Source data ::
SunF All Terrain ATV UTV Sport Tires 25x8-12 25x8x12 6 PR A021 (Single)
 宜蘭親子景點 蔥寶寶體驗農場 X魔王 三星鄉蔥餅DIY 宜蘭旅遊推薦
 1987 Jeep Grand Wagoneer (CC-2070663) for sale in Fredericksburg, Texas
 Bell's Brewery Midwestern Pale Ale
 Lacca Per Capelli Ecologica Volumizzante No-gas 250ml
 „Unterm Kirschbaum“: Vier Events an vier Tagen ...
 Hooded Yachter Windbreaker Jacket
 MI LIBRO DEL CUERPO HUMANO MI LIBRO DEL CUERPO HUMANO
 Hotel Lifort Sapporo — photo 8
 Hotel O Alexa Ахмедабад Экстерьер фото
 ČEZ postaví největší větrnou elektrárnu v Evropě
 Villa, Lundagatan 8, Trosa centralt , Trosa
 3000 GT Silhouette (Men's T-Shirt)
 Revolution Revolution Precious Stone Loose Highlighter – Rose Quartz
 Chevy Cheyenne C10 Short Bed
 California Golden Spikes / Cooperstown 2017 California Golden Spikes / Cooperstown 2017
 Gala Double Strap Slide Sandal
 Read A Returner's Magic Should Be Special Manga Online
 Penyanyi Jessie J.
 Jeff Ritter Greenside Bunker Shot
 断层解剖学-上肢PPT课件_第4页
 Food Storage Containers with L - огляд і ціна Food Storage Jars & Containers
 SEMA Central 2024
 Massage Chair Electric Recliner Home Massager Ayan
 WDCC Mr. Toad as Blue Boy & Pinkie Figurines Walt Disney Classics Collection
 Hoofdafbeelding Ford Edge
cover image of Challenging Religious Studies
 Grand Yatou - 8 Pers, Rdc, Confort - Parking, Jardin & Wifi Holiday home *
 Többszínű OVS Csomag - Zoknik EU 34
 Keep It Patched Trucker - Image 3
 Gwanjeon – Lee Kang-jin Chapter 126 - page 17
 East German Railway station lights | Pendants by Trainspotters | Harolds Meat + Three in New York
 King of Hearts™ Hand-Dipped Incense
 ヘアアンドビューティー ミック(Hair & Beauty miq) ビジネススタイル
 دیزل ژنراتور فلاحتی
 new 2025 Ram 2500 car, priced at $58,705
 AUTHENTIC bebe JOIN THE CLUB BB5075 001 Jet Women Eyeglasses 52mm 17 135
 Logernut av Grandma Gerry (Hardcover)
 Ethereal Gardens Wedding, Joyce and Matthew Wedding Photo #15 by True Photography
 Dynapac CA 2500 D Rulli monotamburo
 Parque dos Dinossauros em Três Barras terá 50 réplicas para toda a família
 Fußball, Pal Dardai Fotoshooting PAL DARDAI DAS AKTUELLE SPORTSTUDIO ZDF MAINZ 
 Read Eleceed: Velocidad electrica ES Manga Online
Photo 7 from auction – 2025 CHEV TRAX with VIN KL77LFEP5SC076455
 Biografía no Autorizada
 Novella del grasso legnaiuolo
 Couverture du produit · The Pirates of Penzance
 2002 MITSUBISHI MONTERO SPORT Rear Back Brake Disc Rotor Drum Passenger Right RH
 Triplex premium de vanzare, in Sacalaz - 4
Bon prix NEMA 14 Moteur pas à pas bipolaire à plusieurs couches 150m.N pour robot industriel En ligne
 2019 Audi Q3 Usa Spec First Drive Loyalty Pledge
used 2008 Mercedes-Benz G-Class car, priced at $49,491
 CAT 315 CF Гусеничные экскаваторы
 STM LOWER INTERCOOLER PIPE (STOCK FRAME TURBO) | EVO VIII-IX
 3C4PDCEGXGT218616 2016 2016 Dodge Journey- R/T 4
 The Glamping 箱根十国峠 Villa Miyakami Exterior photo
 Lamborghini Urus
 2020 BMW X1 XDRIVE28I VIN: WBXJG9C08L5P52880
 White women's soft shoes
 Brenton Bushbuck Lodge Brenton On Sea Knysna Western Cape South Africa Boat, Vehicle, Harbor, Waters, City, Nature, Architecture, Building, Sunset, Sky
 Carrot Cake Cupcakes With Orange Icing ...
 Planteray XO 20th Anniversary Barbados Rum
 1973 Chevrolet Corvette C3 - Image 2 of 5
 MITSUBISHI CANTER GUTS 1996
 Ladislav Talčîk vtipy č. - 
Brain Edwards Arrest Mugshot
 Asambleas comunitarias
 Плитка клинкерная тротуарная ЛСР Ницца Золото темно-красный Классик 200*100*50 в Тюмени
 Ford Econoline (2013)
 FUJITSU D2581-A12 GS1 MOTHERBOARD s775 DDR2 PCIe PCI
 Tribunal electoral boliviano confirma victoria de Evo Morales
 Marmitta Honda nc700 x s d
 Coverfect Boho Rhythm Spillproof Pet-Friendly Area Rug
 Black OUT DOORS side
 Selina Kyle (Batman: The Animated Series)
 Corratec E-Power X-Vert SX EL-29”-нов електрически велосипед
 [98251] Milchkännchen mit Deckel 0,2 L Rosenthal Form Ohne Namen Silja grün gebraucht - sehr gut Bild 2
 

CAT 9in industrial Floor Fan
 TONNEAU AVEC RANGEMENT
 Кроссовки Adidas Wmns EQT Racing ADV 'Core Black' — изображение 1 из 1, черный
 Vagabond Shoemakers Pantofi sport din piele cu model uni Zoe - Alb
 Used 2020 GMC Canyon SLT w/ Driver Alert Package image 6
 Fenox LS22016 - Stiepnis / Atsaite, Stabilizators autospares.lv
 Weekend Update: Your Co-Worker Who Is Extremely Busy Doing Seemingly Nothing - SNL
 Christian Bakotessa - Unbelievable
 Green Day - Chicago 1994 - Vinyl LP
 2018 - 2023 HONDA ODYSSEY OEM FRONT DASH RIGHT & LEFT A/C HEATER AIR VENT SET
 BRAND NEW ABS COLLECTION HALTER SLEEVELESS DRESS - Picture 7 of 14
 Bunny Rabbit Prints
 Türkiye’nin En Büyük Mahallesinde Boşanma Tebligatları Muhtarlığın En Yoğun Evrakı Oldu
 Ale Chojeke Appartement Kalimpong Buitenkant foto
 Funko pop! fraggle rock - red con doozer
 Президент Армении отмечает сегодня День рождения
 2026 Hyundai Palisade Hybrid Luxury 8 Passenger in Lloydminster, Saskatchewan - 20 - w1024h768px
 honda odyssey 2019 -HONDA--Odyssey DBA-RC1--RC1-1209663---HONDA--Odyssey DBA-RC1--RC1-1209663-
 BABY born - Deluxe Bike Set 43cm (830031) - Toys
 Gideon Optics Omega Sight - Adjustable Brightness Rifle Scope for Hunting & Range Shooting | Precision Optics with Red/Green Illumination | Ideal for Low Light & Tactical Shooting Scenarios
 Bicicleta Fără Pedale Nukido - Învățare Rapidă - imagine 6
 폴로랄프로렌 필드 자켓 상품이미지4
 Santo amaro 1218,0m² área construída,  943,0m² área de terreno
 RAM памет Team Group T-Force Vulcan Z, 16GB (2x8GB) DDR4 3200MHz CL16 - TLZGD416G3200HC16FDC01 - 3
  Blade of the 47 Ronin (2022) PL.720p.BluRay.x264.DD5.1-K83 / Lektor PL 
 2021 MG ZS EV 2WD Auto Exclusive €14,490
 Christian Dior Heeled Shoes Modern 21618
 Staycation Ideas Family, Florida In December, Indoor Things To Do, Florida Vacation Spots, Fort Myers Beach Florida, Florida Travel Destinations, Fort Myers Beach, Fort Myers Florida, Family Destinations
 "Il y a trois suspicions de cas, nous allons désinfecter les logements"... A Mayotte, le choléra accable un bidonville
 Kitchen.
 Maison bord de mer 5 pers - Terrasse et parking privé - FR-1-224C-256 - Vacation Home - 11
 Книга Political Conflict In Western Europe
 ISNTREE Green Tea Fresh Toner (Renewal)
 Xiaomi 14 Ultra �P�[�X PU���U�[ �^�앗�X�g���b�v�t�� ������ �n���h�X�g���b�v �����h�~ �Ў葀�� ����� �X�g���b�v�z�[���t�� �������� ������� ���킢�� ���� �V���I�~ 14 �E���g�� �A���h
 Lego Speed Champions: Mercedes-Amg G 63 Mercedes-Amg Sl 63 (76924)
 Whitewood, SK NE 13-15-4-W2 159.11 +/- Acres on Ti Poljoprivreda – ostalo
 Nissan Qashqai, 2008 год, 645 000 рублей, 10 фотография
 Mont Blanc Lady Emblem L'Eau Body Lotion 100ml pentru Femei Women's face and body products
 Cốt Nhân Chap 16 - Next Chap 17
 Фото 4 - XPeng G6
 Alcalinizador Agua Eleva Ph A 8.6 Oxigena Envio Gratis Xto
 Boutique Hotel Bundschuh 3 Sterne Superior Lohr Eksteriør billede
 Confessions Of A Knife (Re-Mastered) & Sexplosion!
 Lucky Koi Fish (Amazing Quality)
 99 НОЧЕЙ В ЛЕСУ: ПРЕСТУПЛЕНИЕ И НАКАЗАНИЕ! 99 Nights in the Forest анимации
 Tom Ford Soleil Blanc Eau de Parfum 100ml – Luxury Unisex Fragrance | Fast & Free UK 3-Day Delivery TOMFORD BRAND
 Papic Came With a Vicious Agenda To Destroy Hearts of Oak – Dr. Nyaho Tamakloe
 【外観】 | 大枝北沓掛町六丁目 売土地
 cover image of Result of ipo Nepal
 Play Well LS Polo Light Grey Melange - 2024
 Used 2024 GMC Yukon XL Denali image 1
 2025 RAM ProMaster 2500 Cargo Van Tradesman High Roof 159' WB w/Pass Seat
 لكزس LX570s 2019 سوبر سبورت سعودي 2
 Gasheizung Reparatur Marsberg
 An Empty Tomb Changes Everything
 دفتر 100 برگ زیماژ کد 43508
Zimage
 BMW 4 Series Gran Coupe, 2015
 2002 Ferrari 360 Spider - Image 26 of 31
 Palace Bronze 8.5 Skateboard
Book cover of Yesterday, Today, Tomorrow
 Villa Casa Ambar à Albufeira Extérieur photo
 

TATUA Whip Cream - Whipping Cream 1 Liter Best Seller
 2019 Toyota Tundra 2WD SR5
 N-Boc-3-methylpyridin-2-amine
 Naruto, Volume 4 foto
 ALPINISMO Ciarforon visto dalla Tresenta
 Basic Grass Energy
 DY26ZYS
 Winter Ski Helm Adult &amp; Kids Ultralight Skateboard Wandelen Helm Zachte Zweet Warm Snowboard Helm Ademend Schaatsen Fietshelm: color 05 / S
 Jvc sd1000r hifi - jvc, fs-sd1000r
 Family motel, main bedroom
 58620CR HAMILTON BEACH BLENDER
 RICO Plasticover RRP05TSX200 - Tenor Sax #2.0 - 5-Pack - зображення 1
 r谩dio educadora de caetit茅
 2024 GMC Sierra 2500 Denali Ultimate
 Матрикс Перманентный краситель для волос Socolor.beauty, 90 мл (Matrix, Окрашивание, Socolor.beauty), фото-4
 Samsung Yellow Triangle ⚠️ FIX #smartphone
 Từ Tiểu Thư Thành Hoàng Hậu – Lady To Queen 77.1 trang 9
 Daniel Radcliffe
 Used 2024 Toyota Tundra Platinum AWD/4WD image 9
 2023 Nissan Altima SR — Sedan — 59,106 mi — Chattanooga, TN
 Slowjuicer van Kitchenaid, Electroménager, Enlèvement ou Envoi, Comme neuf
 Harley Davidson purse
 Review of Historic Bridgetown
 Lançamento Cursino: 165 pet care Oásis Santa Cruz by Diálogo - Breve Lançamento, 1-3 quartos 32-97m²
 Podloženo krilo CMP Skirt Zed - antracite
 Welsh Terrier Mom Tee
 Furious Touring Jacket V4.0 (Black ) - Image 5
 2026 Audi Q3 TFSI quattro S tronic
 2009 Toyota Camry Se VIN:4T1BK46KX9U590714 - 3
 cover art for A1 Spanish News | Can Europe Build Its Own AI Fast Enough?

Problem details ::
All lines above from the one with "Brain Edwards Arrest Mugshot" to the one with "Christian Dior Heeled Shoes Modern 21618", inclusive, should be copied exactly, and no other lines.

Task response ::
Brain Edwards Arrest Mugshot
 Asambleas comunitarias
 Плитка клинкерная тротуарная ЛСР Ницца Золото темно-красный Классик 200*100*50 в Тюмени
 Ford Econoline (2013)
 FUJITSU D2581-A12 GS1 MOTHERBOARD s775 DDR2 PCIe PCI
 Tribunal electoral boliviano confirma victoria de Evo Morales
 Marmitta Honda nc700 x s d
 Coverfect Boho Rhythm Spillproof Pet-Friendly Area Rug
 Black OUT DOORS side
 Selina Kyle (Batman: The Animated Series)
 Corratec E-Power X-Vert SX EL-29”-нов електрически велосипед
 [98251] Milchkännchen mit Deckel 0,2 L Rosenthal Form Ohne Namen Silja grün gebraucht - sehr gut Bild 2
 

CAT 9in industrial Floor Fan
 TONNEAU AVEC RANGEMENT
 Кроссовки Adidas Wmns EQT Racing ADV 'Core Black' — изображение 1 из 1, черный
 Vagabond Shoemakers Pantofi sport din piele cu model uni Zoe - Alb
 Used 2020 GMC Canyon SLT w/ Driver Alert Package image 6
 Fenox LS22016 - Stiepnis / Atsaite, Stabilizators autospares.lv
 Weekend Update: Your Co-Worker Who Is Extremely Busy Doing Seemingly Nothing - SNL
 Christian Bakotessa - Unbelievable
 Green Day - Chicago 1994 - Vinyl LP
 2018 - 2023 HONDA ODYSSEY OEM FRONT DASH RIGHT & LEFT A/C HEATER AIR VENT SET
 BRAND NEW ABS COLLECTION HALTER SLEEVELESS DRESS - Picture 7 of 14
 Bunny Rabbit Prints
 Türkiye’nin En Büyük Mahallesinde Boşanma Tebligatları Muhtarlığın En Yoğun Evrakı Oldu
 Ale Chojeke Appartement Kalimpong Buitenkant foto
 Funko pop! fraggle rock - red con doozer
 Президент Армении отмечает сегодня День рождения
 2026 Hyundai Palisade Hybrid Luxury 8 Passenger in Lloydminster, Saskatchewan - 20 - w1024h768px
 honda odyssey 2019 -HONDA--Odyssey DBA-RC1--RC1-1209663---HONDA--Odyssey DBA-RC1--RC1-1209663-
 BABY born - Deluxe Bike Set 43cm (830031) - Toys
 Gideon Optics Omega Sight - Adjustable Brightness Rifle Scope for Hunting & Range Shooting | Precision Optics with Red/Green Illumination | Ideal for Low Light & Tactical Shooting Scenarios
 Bicicleta Fără Pedale Nukido - Învățare Rapidă - imagine 6
 폴로랄프로렌 필드 자켓 상품이미지4
 Santo amaro 1218,0m² área construída,  943,0m² área de terreno
 RAM памет Team Group T-Force Vulcan Z, 16GB (2x8GB) DDR4 3200MHz CL16 - TLZGD416G3200HC16FDC01 - 3
  Blade of the 47 Ronin (2022) PL.720p.BluRay.x264.DD5.1-K83 / Lektor PL 
 2021 MG ZS EV 2WD Auto Exclusive €14,490
 Christian Dior Heeled Shoes Modern 21618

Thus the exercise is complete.